There are a lot of expenses during The Squeeze that in a long-term plan, should be considered only temporary.
When the kids are 10 & 12 I don’t think there’s any argument that you should be meeting all of their living expenses. But fast forward a decade to when they’re 20 & 22, and again to 30 & 32, and the question becomes a bit more vexed.
The Squeeze is supposed to be a temporary phenomenon but if you keep supporting everybody else’s lifestyle at the expense of your saving, you’ll never get out.
“Don’t miss opportunities to trim your expenses where sensible either.”
Check in with a mortgage broker or online to see if your home loan interest rate is still competitive – it’s likely to be one of the biggest items in your personal budget.
Check whether you’re actually using the mobile, phone & internet subscriptions you have, or if you could drop down to a plan with a lower level of inclusions but lower cost.
When you start to get the promotions at work that you’ve worked hard for – reward yourself but also reward your future self.

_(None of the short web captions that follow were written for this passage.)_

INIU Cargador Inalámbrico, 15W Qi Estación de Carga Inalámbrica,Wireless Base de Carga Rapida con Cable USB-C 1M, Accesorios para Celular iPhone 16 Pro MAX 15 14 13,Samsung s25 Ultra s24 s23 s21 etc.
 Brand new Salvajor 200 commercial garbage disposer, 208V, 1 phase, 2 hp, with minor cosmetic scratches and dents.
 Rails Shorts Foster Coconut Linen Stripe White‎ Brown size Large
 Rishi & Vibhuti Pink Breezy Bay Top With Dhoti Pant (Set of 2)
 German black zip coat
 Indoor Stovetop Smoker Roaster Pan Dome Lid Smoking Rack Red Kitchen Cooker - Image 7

Look for little opportunities to do things like increase the mortgage payment or make extra super contributions with your payrise.
It’s natural when your family is growing that so will the size of the house you need, but you still need to consider affordability. A 45 year old taking on a 30 year mortgage needs a serious commitment to one or a combination of the following strategies:
- Working until age 75 (ouch)
- Selling the property and downsizing to something that costs less, when the kids have moved out before retirement
- Making repayments on the mortgage above the minimum, either on a regular basis or through future lump sums such as an inheritance
It’s also good to have some perspective through The Squeeze.
- You’ve got at least compulsory employer contributions of 9.5 pr cent going into your super. It might not seem like real income to you now, but it’s building the assets that you’ll live off when you stop work.
- While it’s a small portion in the early days, principal & interest mortgage payments are making a dent in the principal of your home loan. Keep at it and you’ll in time be paying more principal and less interest with each payment.
- You’re building and maintaining your human capital just by being at work. That’s the skills, experience and networks that you’ll be drawing on to increase your income in the future.
During The Squeeze, it’s hard to look past tomorrow and into the future. What you’re experiencing today – it’s what many of successful retirees were doing 20 and 30 years ago and they felt just the same way at the time. Now they’re in a position where they own their homes and have money in super to pay for retirement. It takes time but it really does work.